New York

“Role Exchange”

“Role Exchange,” a group show exploring the theme of adopted personae in the art of the past three decades, demonstrated that an exhibition is not always greater than, or even equal to, the sum of its parts. If such were the case, this all-star lineup of often inspired works by twenty-seven exceptional artists would have been the hit of the season. Instead, it was largely a lackluster academic exercise that sparkled in spite of, rather than because of, its curatorial ambitions.

The exhibition’s title was borrowed from Marina Abramović’s performance at Amsterdam’s De Appel in 1975. Abramović found a local prostitute who had been plying her trade for ten years—the same amount of time that Abramović had been working as an artist. During the opening of her show, Abramović and the woman switched places for four hours. In an accompanying text outlining the performance’s parameters, Abramović suggestively claims that they each took “full responsibility” for their borrowed roles. A compelling and slightly scandalous note on the nexus of art, commerce, and sexuality, the work is a fertile point of departure, one that seems particularly likely to give rise to a rousing colloquy.

But “Role Exchange” begged comparisons, not conversations. In cases where works did have something to say to each other, the dialogue was often so overdetermined by the show’s airless juxtapositions that any exchange came across as scripted. There were works by Cindy Sherman, Nikki S. Lee, Yasumasa Morimura, Janine Antoni, Anthony Goicolea, and Matthew Barney, to name a few. Their works traced a textbook genealogy of the concept of persona, but not a particularly challenging one. The curators even trotted out one prominent pairing—Andy Warhol and Robert Mapplethorpe’s self-portraits in drag—already explored in the gallery’s “Celebrity Portraits” show last summer. The addition of another smart piece to the mix—Douglas Gordon’s Staying Out and Going Home, 2005, a Polaroid diptych homage reprising Warhol’s Self-Portrait in Drag, 1981—did little to alleviate the grouping’s predictability; the connection is just too obvious.

Some of the works showed the artist playing with a cultural archetype, and two of these pieces in particular managed to spark a productive tête-à-tête. Adrian Piper’s The Mythic Being: Sol’s Drawing #1-5, 1974, presents Piper in Afro wig and moustache, adopting the guise of the “young black male” from the ’70s popular imaginary. In another room, African artist Samuel Fosso’s The Liberated American Woman of the 70’s, 1997, a splashy, florid self-portrait of the artist in drag, offered an unexpected—and equally provocative—take on the subject.

The most compelling aggregate appeared in the main gallery, and comprised works that addressed the treacherous, incestuous cross-identifications of familial roles: Gillian Wearing’s uncanny Self Portrait as My Grandmother Nancy Gregory, 2006; Antoni’s Mom and Dad, 1994; Duane Michals’s The Return of the Prodigal Son, 1982; and Michel Journiac’s equally uncanny Hommage à Freud. Constat critique d’une mythologie travestie, 1972, in which the artist dresses up as both his mother and his father. (His resemblance to the former is stronger.)

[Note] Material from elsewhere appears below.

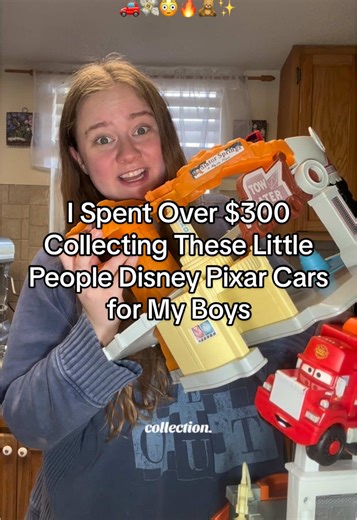 I can’t believe how much I’ve spent on our Little People Disney Pixar Cars collection 😅🚗 These are all hard to find, hunted, and collected over time for my boys. Mom collectors know the struggle 😂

Occasionally, individual works managed to stand out from the crowd. One such was Kalup Linzy’s video Lollypop, 2006, in which the artist, along with coconspirator Shaun Leonardo, performs a spot-on lip-sync to Hunter & Jenkins’s blues song of the same title. Robert Gober’s Untitled (Bride), 1992–96—a mock-up of a page from the New York Times in which the enigmatic Gober, outfitted in full bridal regalia and Photoshopped into an ad for Saks Fifth Avenue, is juxtaposed with a story about the Vatican’s smear campaign against homosexuality.

But for all its shortcomings, the show did prompt some compelling questions. Why, for instance, does the subject of artistic persona seem to pool so densely around the medium of photography? What is it about the camera’s role as a facilitator of “truth” that makes it so available for shaping and articulating “fictions”? An exhibition that worked to develop such questions would be a welcome endeavor.